Thanks, Johan
Rene
>Is there a solution for decompiling a dcu-file (so I can e.g. learn
>something more about how to create comonents myself)
No, there is no real solution, since the DCU file format is not
documented. A dirty work-around is to compile the DCU into an EXE with
TD32 symbol information turned on, then throw all that at a
disassembler and try to reverse the code.
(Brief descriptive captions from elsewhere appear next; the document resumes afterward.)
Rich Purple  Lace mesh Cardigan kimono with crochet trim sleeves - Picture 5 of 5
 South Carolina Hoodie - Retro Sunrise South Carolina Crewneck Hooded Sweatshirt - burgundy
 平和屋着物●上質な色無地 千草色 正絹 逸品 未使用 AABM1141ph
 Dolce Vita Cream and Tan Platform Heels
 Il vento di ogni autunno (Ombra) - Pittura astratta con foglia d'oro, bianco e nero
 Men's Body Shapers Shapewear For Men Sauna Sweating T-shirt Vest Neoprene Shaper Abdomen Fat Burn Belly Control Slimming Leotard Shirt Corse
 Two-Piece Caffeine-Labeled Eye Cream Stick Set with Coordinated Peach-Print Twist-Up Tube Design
A bit too much for just learning how to create components, I suppose.
--
Stefan Hoffmeister http://www.econos.de/
No private email, please, unless expressly invited.
Rene Tschaggelar wrote:
> No, but there are dozends of examples.
Ok, but I spoke at school with our System Programming (as we had to
decompile modula-2 files) teacher and he said that almost every
programming language has decomilers, so he thought also the dcu-files
could be reversed engineered. What if I loose some pas files when my
computer crashes? If I could decompile the dcu's that would save a lot of
time! So I think it can be quite annoying to be unable to decompile those
files!
>
>
> Rene
>
> J.A. Korten wrote:
> >
> > Is there a solution for decompiling a dcu-file (so I can e.g. learn
> > something more about how to create comonents myself)
Greetings Johan Korten
>Rene Tschaggelar wrote:
>
>> No, but there are dozends of examples.
>
>Ok, but I spoke at school with our System Programming (as we had to
>decompile modula-2 files) teacher and he said that almost every
>programming language has decomilers, so he thought also the dcu-files
>could be reversed engineered. What if I loose some pas files when my
>computer crashes? If I could decompile the dcu's that would save a lot of
>time! So I think it can be quite annoying to be unable to decompile those
>files!
There are dissertations on decompiling **binary** code. These
dissertations pretty much show how difficult it is to get back at
least some gibberish from a decompiler.
The one dissertation I am thinking of is by Cristina Fuentes' and can
be found at the Decompilation Home page as a downloadable PS including
a DOS based C decompiler. Now, back in the old DOS days C compilers
were not that ugly, nowadays they are, with optimization interfering
frequently.
Result: it is pretty much infeasible to create a fully-fledged
decompiler for any of the "better" languages that compile to machine
code. Visual Basic 3.0 (and perhaps 4.0?) *could* be decompiled
perfectly. Delphi CANNOT, even iff you have extremely accurate
information due to TD32 information.
Now, the Delphi code generator, as I have experienced it, uses some
sort of a code template approach, so it might be possible to
automatically recover quite a number of bit and pieces. But that IMO
falls into the "how to waste your spare time on a fun project"
category.
Please pass this along to your teacher: there is *no* such thing as a
*decompiler*.
The process of compiling takes source code and converts it to a binary
executable. In a truly compiled language identifiers like variable
and procedure names are lost forever.
It is possible to *disassemble* a binary executable into assembly
language, but that's not the same thing as the original source code.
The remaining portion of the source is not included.